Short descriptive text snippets
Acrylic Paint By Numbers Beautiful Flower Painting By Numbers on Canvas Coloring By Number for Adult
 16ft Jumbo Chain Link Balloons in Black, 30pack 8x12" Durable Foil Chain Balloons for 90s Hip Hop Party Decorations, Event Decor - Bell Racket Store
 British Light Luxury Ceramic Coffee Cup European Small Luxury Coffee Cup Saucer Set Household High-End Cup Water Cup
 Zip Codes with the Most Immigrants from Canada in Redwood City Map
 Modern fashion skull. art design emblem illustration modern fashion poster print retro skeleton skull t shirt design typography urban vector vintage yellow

What to do:
Every entry above should be written out again, precisely.

Answer space:
Acrylic Paint By Numbers Beautiful Flower Painting By Numbers on Canvas Coloring By Number for Adult
 16ft Jumbo Chain Link Balloons in Black, 30pack 8x12" Durable Foil Chain Balloons for 90s Hip Hop Party Decorations, Event Decor - Bell Racket Store
 British Light Luxury Ceramic Coffee Cup European Small Luxury Coffee Cup Saucer Set Household High-End Cup Water Cup
 Zip Codes with the Most Immigrants from Canada in Redwood City Map
 Modern fashion skull. art design emblem illustration modern fashion poster print retro skeleton skull t shirt design typography urban vector vintage yellow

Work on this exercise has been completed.